On rencontre plusieurs yogis (maîtres spirituels) qui dispensent leurs enseignements à leur disciples en plein air ou des sâdhus (des hommes qui ont tout dédié à la religion, ils ne possèdent rien et vivent dans la rue grâce à des dons. Ils s’enduisent parfois le corps de cendres.
La misère est bien présente dans ce haut lieu spirituel, certaines personnes semblant vivre sur les quais.
La pauvreté et la misère sont particulièrement difficile à appréhender en Inde, et mon esprit occidental doit sans doute créer des filtres pour supporter l’insupportable. En effet, au fur et à mesure de notre voyage, nous rencontrons malheureusement des halls de gares, des trottoirs, des ronds points, peuplés d’hommes, de femmes et d’enfants qui n’ont sans doute nul autre endroit où dormir. Nous croisons des gamins des rues, pieds nus, qui collectent les déchets et d’autres qui mendient quelques roupies. Il semblerait qu’il existe de véritables gangs d’enfants des rues menés par les plus âgés. Certains enfants seraient mutilés et amputés volontairement pour récolter plus d’argent, d’autres alimenteraient les réseaux de prostitution. En effet, très peu d’enfants des rues sont des filles.
Cela nous interpelle d’autant plus quand on compare cette situation à l’attention portés aux vaches par exemple, et même aux singes, considérés comme animaux sacrés.
Inde, pays des paradoxes pour nos esprits occidentaux!
Dans nos tours et détours dans les ruelles de Varanasi, outre les vaches, se baladent aussi des chèvres et des singes qui semblent autant à l’aise dans la jungle urbaine qu’en pleine nature.
Nous sommes évidemment sollicités de toute part par les rabatteurs et les vendeurs ambulants. Je me fais gentiment avoir par un homme dont j’ignore le statut religieux mais qui m’appose un point de couleur sur le front et me “bénit” sans que j’ai eu le temps de dire quoique ce soit. Evidemment une petite contribution est demandée en retour.
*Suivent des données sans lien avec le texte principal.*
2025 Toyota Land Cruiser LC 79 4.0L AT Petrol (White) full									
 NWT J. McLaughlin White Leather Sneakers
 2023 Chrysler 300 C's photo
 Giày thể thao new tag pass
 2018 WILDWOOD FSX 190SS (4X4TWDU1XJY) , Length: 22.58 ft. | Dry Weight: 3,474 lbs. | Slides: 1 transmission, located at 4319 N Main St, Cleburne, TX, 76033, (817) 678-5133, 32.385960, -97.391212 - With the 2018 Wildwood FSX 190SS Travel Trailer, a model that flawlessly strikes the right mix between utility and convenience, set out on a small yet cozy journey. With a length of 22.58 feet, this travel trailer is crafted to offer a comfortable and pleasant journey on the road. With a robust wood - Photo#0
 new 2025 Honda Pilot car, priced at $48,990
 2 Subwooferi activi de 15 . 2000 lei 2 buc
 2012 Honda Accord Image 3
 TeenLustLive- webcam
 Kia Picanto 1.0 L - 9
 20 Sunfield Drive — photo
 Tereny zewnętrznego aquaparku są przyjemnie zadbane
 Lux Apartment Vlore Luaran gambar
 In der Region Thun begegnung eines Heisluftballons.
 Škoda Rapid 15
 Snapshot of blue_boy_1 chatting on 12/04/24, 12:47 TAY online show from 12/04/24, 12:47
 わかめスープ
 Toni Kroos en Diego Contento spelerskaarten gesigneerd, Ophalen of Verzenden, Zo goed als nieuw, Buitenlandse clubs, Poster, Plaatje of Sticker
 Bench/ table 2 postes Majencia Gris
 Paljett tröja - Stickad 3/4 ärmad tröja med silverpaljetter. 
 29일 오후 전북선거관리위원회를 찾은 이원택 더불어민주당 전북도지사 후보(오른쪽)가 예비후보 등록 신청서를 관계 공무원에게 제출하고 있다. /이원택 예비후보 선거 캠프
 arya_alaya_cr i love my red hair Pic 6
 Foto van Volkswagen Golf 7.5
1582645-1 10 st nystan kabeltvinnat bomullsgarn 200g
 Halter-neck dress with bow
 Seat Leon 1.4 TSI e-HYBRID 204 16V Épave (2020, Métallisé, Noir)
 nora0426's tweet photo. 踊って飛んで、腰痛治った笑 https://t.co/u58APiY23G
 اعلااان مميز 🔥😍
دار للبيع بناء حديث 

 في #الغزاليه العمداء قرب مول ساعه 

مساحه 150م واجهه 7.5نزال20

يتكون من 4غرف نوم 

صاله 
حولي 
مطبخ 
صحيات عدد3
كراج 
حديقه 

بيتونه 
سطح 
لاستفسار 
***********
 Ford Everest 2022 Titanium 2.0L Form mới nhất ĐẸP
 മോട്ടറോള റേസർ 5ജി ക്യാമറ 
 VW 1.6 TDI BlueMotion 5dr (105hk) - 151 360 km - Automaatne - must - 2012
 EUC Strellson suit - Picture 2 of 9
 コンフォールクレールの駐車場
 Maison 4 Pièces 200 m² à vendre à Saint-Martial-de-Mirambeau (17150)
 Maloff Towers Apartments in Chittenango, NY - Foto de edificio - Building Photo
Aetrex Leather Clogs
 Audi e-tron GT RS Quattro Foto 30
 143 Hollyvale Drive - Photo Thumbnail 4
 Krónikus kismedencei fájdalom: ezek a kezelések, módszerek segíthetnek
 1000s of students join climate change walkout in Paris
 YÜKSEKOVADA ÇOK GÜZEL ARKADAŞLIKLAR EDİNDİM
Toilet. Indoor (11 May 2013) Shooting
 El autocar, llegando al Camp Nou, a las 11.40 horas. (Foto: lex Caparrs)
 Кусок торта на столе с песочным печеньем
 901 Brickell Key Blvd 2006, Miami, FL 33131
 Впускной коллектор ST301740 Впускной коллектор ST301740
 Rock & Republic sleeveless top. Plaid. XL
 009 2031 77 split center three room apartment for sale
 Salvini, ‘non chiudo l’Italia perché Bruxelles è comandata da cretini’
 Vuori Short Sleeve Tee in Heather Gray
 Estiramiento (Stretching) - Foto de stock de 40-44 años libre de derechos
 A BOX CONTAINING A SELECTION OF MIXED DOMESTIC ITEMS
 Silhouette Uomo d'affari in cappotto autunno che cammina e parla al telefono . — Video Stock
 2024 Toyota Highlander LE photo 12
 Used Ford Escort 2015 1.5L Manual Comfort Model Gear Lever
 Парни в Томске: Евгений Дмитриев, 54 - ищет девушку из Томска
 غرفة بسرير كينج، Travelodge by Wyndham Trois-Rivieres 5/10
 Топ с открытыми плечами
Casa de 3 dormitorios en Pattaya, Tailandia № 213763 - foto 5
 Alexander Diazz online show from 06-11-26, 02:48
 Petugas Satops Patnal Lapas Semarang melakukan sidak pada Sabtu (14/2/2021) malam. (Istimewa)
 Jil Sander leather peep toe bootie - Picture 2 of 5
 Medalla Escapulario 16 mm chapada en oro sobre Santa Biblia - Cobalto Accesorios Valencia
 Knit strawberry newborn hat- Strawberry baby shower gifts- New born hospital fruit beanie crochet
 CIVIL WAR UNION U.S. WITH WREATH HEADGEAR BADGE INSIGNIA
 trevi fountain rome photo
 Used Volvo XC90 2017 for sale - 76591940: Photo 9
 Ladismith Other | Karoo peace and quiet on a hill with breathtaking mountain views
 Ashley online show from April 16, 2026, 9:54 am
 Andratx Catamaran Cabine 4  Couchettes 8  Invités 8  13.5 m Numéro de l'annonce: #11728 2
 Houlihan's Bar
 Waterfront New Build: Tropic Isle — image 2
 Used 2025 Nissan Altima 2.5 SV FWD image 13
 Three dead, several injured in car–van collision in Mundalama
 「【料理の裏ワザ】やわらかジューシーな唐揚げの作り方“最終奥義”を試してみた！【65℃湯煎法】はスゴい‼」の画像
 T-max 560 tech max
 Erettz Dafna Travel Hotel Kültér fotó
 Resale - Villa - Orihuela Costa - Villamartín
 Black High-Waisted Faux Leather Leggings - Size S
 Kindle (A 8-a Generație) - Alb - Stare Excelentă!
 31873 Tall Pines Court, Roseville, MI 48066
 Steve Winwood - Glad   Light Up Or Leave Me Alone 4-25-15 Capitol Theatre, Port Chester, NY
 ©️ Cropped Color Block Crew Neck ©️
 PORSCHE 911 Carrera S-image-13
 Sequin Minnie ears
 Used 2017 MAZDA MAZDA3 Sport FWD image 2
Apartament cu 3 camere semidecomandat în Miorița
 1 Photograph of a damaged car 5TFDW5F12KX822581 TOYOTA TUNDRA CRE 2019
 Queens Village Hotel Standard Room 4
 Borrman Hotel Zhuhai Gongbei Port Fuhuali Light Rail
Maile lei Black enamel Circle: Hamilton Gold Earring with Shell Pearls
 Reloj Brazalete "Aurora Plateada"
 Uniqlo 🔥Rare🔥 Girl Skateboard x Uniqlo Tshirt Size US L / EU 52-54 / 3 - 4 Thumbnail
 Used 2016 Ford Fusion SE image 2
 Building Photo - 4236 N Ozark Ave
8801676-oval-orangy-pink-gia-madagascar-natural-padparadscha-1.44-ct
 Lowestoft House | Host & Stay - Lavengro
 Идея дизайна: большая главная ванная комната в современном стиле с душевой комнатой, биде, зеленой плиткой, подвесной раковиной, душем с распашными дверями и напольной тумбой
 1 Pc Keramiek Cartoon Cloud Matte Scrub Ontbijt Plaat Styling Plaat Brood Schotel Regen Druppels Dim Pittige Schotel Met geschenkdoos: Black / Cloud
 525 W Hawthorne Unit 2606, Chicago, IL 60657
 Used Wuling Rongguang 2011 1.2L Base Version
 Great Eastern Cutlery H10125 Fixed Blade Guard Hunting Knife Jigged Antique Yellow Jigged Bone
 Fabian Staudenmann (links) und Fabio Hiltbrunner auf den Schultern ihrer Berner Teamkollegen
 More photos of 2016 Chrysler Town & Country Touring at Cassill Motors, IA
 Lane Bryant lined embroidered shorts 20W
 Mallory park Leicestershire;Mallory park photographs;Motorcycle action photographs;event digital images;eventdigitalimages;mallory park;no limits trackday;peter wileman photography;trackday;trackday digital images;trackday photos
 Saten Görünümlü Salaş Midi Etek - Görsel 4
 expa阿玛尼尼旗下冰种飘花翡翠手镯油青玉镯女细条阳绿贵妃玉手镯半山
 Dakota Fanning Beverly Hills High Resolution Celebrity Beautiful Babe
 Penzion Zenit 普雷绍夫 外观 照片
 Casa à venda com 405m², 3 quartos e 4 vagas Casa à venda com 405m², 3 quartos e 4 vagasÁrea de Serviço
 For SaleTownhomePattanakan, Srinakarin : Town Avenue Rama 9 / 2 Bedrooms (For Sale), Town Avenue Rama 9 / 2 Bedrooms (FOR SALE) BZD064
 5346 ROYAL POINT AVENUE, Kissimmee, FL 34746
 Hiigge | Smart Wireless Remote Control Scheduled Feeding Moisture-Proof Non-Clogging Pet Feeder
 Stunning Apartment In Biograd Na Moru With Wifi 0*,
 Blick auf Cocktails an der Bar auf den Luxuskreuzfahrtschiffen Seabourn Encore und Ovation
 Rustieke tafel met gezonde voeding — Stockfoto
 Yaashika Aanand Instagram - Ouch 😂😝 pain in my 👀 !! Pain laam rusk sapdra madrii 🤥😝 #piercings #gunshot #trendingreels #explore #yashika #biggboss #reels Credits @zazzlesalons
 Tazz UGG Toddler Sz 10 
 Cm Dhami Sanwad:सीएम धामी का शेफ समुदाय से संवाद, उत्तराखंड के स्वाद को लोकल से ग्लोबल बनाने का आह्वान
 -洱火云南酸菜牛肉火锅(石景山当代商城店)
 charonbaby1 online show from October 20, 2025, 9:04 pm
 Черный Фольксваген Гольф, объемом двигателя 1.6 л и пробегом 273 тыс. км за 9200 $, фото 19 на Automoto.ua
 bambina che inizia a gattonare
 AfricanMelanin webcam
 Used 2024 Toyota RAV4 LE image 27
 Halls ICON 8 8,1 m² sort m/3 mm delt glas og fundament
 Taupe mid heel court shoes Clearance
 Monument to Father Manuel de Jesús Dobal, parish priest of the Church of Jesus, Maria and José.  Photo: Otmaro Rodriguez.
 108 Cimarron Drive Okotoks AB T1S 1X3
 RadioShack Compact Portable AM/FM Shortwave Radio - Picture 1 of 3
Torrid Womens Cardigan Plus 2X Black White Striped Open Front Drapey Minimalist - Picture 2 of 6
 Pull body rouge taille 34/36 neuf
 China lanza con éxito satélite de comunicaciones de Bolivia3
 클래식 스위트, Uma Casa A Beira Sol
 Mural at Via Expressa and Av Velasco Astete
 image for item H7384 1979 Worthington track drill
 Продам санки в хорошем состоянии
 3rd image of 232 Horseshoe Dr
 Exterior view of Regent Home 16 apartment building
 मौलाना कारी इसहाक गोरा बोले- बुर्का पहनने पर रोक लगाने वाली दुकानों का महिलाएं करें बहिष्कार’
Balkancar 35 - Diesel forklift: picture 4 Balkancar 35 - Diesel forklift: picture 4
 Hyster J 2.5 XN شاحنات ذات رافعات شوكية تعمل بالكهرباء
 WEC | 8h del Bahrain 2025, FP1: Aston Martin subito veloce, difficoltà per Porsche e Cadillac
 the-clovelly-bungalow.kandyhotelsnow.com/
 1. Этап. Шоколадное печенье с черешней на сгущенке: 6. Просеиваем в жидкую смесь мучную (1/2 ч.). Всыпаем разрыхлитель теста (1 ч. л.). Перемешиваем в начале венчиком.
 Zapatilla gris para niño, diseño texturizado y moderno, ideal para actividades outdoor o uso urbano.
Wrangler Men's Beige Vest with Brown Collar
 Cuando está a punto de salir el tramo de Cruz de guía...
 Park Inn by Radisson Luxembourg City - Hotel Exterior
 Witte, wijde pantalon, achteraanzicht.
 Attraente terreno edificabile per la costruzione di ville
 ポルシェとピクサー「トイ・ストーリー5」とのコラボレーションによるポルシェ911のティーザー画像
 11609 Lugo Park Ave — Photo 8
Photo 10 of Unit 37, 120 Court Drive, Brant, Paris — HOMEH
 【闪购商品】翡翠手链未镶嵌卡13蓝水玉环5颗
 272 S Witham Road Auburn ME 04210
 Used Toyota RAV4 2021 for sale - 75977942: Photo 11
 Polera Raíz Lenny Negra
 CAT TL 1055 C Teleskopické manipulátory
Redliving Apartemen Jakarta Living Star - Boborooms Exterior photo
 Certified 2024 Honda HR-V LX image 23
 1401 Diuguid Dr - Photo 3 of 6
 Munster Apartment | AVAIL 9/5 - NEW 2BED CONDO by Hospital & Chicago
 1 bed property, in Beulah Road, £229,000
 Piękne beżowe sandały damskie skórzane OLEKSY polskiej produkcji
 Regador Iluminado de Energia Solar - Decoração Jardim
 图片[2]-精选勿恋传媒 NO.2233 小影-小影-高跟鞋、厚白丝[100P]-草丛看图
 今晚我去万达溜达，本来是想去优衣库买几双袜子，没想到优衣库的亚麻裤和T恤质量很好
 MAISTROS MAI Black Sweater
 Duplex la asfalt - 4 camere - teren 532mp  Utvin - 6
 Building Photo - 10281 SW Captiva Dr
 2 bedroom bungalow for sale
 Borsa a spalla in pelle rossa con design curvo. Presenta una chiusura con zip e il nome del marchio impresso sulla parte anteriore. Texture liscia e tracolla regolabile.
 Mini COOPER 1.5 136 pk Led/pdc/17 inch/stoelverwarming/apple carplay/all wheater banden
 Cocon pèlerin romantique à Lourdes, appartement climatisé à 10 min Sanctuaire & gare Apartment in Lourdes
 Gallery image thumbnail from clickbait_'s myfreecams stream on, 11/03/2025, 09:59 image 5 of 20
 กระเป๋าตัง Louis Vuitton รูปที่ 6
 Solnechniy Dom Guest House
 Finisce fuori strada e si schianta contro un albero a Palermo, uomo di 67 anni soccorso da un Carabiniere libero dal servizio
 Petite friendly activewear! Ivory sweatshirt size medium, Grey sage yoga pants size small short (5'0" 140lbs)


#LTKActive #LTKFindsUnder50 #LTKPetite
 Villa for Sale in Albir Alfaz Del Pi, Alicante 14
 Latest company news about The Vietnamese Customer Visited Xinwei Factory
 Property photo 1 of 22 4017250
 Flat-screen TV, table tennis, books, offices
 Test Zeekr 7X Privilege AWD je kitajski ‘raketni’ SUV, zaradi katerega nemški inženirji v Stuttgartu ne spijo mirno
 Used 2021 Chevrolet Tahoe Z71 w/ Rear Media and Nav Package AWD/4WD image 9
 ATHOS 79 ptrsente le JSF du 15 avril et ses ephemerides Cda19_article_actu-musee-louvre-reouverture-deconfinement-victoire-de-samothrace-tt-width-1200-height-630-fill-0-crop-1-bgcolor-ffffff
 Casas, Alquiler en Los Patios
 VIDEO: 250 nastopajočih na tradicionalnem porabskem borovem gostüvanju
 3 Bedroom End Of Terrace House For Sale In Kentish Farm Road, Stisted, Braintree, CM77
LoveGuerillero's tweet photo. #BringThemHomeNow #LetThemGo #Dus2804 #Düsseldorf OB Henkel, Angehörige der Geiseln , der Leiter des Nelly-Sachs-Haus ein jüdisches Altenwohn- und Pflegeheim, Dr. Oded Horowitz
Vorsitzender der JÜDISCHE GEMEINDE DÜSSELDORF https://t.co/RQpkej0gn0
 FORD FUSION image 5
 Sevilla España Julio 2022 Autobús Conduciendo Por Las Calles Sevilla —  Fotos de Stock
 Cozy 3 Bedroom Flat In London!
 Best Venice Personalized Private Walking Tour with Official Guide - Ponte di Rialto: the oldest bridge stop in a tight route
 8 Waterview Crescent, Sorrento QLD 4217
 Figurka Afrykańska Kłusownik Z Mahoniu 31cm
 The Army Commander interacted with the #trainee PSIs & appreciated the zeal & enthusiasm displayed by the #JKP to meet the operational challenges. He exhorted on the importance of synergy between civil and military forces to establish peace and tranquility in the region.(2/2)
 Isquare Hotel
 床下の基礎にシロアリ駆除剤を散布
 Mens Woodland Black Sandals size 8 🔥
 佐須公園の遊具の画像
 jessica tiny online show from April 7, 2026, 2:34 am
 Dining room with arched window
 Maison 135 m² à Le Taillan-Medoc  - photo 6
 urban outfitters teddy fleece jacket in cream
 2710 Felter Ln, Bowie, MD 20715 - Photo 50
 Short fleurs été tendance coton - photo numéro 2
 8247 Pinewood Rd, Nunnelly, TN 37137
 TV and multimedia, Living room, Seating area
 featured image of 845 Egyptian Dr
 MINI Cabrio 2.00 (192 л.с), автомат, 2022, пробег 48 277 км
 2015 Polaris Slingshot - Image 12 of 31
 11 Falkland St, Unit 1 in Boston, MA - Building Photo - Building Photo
La mendicité et les dons est d’ailleurs une question à laquelle nous sommes confrontés en permanence. De notre côté, nous ne donnons pas aux enfants (pour moi, s’ils gagnent de l’argent, leurs chances d’aller à l’école diminue d’autant plus), ni aux personnes qui, et cela est bien subjectif, semblent en capacité de travailler.
Nous donnons quelques pièces aux personnes mutilés et très âgés. Pierre, sensible à la musique, donne aussi aux musiciens. En revanche, phénomène qui nous apparaît assez incompréhensible, parfois la somme que nous donnons est estimée insuffisante, et la personne la refuse…
Dès que le soleil se couche, la ferveur religieuse reprend sur les bords du Gange. Une importante cérémonie a lieu tous les soirs et rassemble beaucoup d’hindous et de curieux comme nous.
Pour notre dernière journée, nous nous rendons au Golden temple, que nous renonçons à visiter étant donné le nombre de personnes qui attendent à l’entrée.
Nous poursuivons dans le dédale de ruelles pour nous rendre au Nepaleese Temple.
L’endroit nous rappelle quelques souvenirs.
Le temple offre aussi une jolie vue sur les quais du Gange
Chemin faisant, nous nous apercevons que la présence policière est importante aux abords des lieux religieux et dans les zones de passages stratégiques. Nous apprendrons que malgré son apparente tranquillité, Varanasi vit dans un climat de tension religieuse assez important. Par exemple, la mosquée n’est ouverte que le vendredi pour la prière des fidèles.
Nous croisons pas mal d’échoppes plus authentiques les unes que les autres, dont ce vendeur de yaourts.
Après quatre jours passés à Varanasi, il est temps pour nous de reprendre la route, ou plutôt les rails, direction la capitale indienne.